A Deloitte point of view which sets-out five steps, together with a self-assessment, which will enable your board to review the strength of its financial governance and preparedness to avert an unanticipated financial crisis.
- The underlying deficit for the NHS was over £1 billion in 2018/19. These financial pressures are unlikely to ease any time soon as NHS providers grapple with continuing funding constraints, burgeoning costs and unrelenting demand for NHS services.
- Even the strongest boards are susceptible to financial difficulties which could ultimately cast doubt over their long term financial sustainability. However, those with strong financial governance, who closely monitor, pre-empt and actively manage their financial situation, will have the greatest chance of thriving.
- Unfortunately, we have observed several instances where weaknesses in financial governance have led to a financial crisis, surprising unsuspecting board members. Our experience shows that these NHS organisations share many similar characteristics, with the same mistakes made time after time.
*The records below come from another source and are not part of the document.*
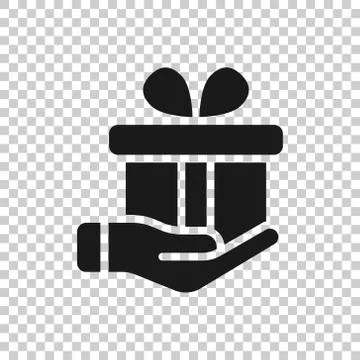 Gift box icon in flat style. Present on hand vector illustration on white iso Stock Illustration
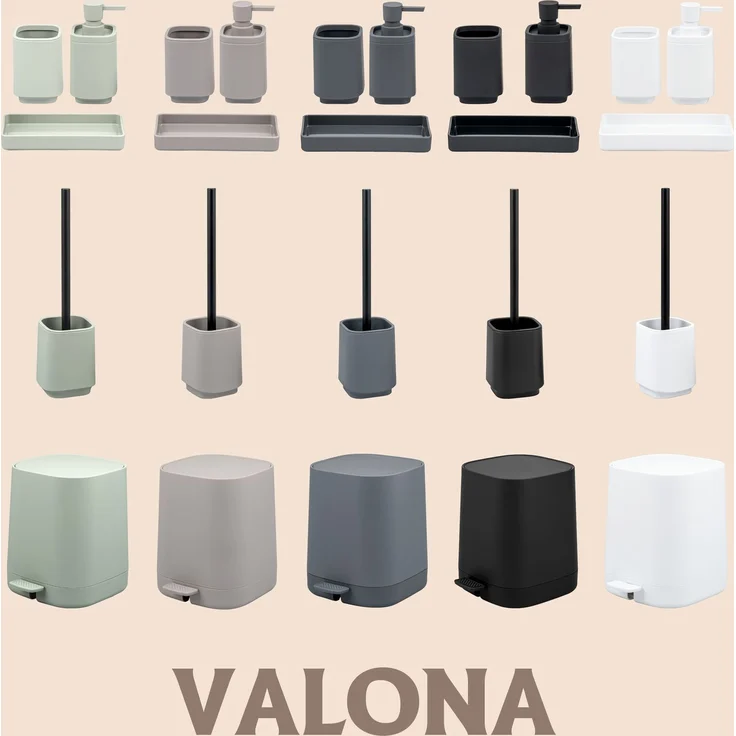 eluno Bad-Set VALONA 5tlg. mit Seifenspender, Becher, Schale, Kosmetikeimer 4,5 Liter und WC-Garnitur aus Kunststoff in Schwarz – Bild 8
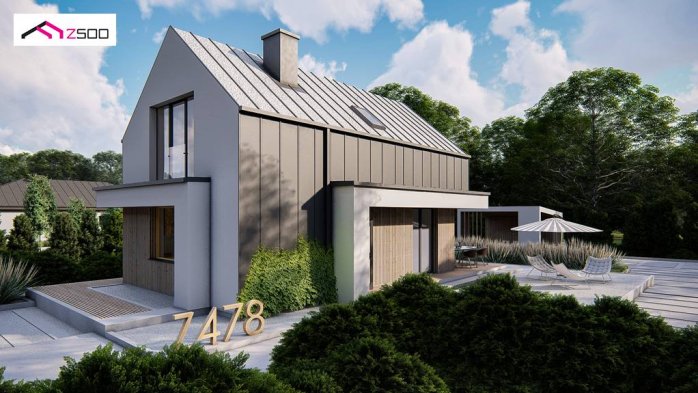 Проект дома U478 - 1 С мансардным этажом дома в Киеве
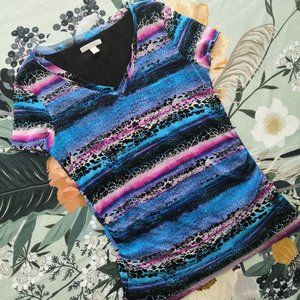 DANA BUCHMAN Top Womens Abstract Print Mesh V-Neck Lined Ruched Short Sleeve M
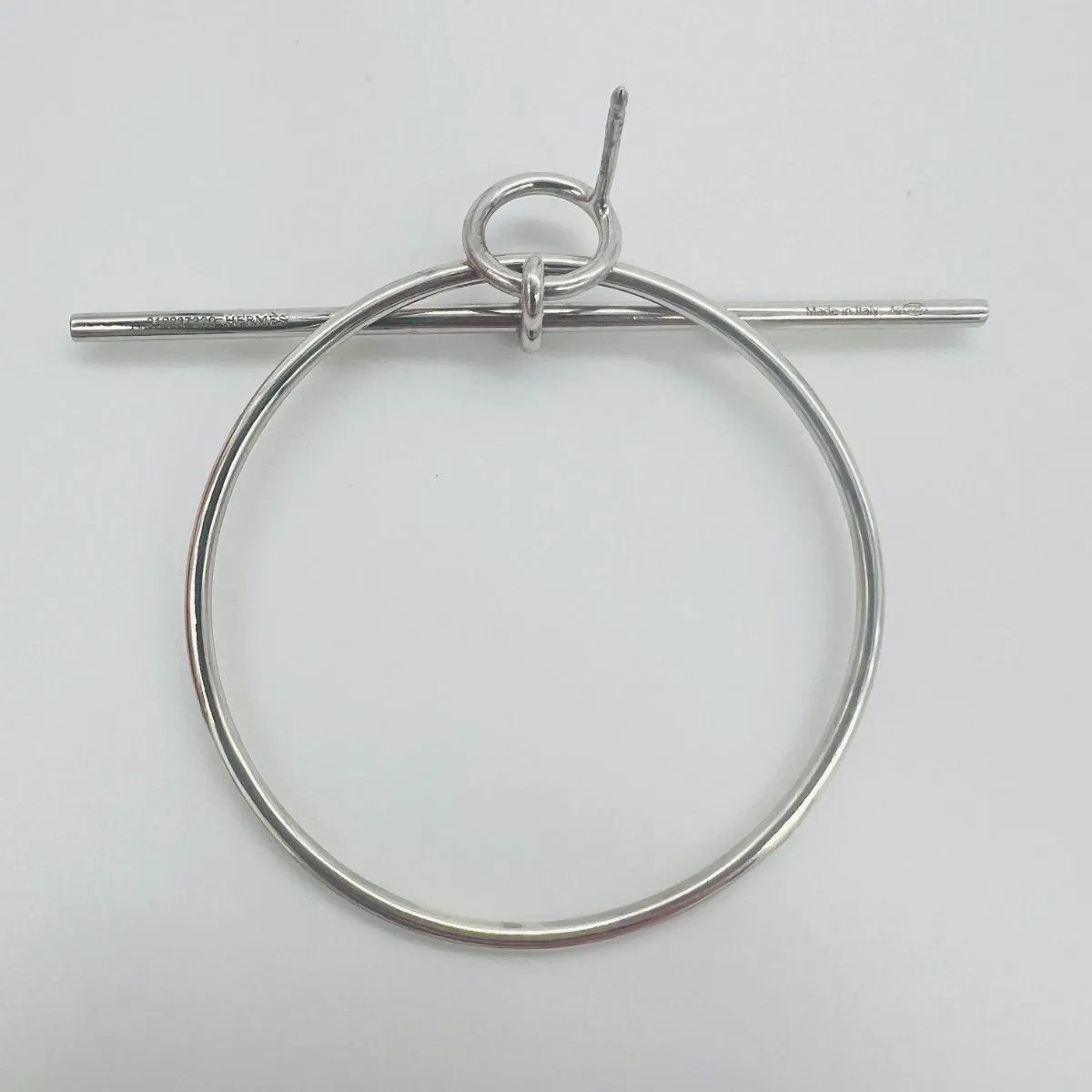 HERMES Echappee Hoop Earrings Silver 925 with Box & Dust Bag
- As a result, we have identified five key steps which, if followed, whilst not eliminating the possibility of a financial crisis occurring, can strengthen financial governance and reduce the risk that a board will find itself facing an unexpected financial crisis.
Our key finding
- There should be joint executive accountability for financial performance - All Executive Directors (EDs) have a corporate responsibility for the finances and it is critical that the CEO, with support from the Chair, sets the tone and expectations regarding joint responsibility for the finances. This should include actively encouraging wider ED accountability for financial performance in board, committee and executive forums. Financial training should also be provided to EDs where required. This will promote a culture of joint-accountability and also ensure all EDs have good awareness regarding the financial position.
- Finance should be covered by the full board - It is critical that the quality of verbal and written reports from the finance committee chair are crisp, clear and unambiguous and the finance agenda receives appropriate attention at board meetings (public and private), and board seminars, to provide sufficient visibility to all Non-Executive Directors (NEDs). Specifically, NEDs not sitting on the finance committee should ensure they have access to the monthly finance report, which should be discussed formally in reasonable detail at every board meeting.
- Be prepared to challenge and change board financial reporting - It is critical that financial reports serve the needs of a diverse range of non-financial board members and clearly set-out a concise snapshot of the provider’s financial health, addressing the various points highlighted above. If they do not then board members need to be prepared to challenge and change.
- The board should think underlying position and cash flow - It is critical that one-off earnings adjustments and cash flow management techniques being used are made explicit to the board. This should include ongoing analysis of underlying financial performance and the timeliness of payments to creditors.
- Actively seek ‘soft’ intelligence regarding financial performance - It is imperative that NEDs find opportunities to engage with staff to gain ‘soft intelligence’ regarding pressures within the organisation. This should include general staff engagement activities but also chairs of the audit and finance committees periodically meeting with members of staff from the finance department to gauge sentiment.
While relentless financial pressures have become a fact of life in the NHS, following the five steps in this point of view will strengthen your financial governance and significantly increase the probability that your organisation will successfully identify and manage the problem before it becomes a crisis.
In our experience there is a wide variation in how proactively these steps are followed. The self-assessment will provide you with an indication of how strong your financial governance is and how prepared your board is to pre-empt a looming financial crisis.
Deloitte expert viewpoint
‘We have observed several instances where weaknesses in financial governance have led to a financial crisis, surprising unsuspecting board members. By which point it was too late to tackle the sources of the deficit effectively, and required emergency intervention and support from regulators. It also led to a breakdown in trust amongst board members and dysfunctional boards at a time when they needed to be operating at their best’.